La traversée se passe sur une mer de nuages au dessus de la France puis de l'Angleterre et au dessus de l'Atlantique. On passe bien au sud de l'Islande mais je ne sais pas si c'est le trajet habituel du vol ou si il  fallu éviter les cendres du volcan islandais Eyjaffjoll qui a bloqué le trafic aérien pendant plus plusieurs jours en Europe au mois d'avril. Le ciel se dégage un peu au dessus de la Gaspésie et il y a un peu de neige presque au bord de l'estuaire du Saint Laurent ! La mer de nuages revient vers Québec et Montréal pour finalement disparaître à l'arrivée à Toronto.

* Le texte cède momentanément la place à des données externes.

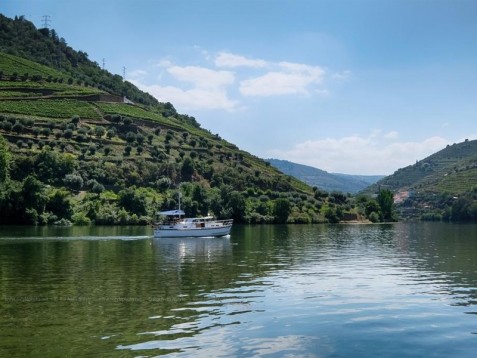 Guided Port Wine Tour in Douro, Portugal for two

J'ai eu quelques péripéties à Toronto : d'abord mon carton n'arrivait pas sur le convoyeur à bagages ... ça commence fort l'aventure {#emotions_dlg.embarassed} En fait en demandant au personnel de l'aéroport, la caisse a été considérée comme un bagages spécial et livrée à part : OUF :-) Après les formalités de douane rapides et efficaces et un accueil sympathique en plus, je cherche un moyen de transport en commun pour rejoindre un Bed & Breakfast que j'avais repéré sur le guide mais sans savoir à priori si il y avais de la place. Et en demandant à une brave dame qui avait l'air de connaitre l'endroit, j'ai perdu un peu de temps. Elle a commencé par se planter de terminal avec le train intérieur de l'aéroport, après, j'ai très vite compris qu'elle ne connaissait pas et qu'en plus, elle n'avait pas l'air d'être très dégourdie .... En lui faussant compagnie, j'ai finalement trouvé un bus express qui m'a amené au terminus Kipling de le ligne verte du métro. Dans le bus, j'ai voulu payer mais le chauffeur n'avait pas la monnaie : pas de problème il m'a laissé monter sans payer étant donné que c'était un billet combiné bus métro et que si je payais le métro, ça revenait au même, mais le plus étonnant c'est qu'arrivé au métro : impossible de trouver un guichet ou une machine pour acheter un billet : bizarre quand même. Je demande à plusieurs personnes dont la vendeuse du kiosque et toujours la même réponse : "you don't need a ticket". Pas besoin de ticket ? J'hallucine et le plus fort, c'est que l'accès aux quais est libre ! Pas de "hachoir à viande" ( qui empoisonnent la vie des voyageurs honnêtes plus qu'ils ne freinent les fraudeurs ) à franchir comme à Paris. Bon comme j'étais bien fatigué du voyage, j'embarque pour une station sans ticket mais pas l'esprit tranquille quand même en cas de contrôle. Après recherche du bon bus et des aides bienvenues spontanées d'autre voyageurs, j'arrive finalement à Islington Avenue dans un B&B très sympathique.
Je comprendrais par la suite pourquoi il n'y a pas besoin de ticket de métro à Toronto avec le système de paiement en place dans cette ville. En fait, ils ne peuvent pas faire de contrôle sur les quais ou dans les rames. Par contre il y a du personnel à l'entrée des stations pour contrôler. Et puis, j'ai constaté que l'immense majorité des gens jouaient le jeu. Finalement ce métro "sans ticket" mais pas gratuit quand même est tout à fait rassurant.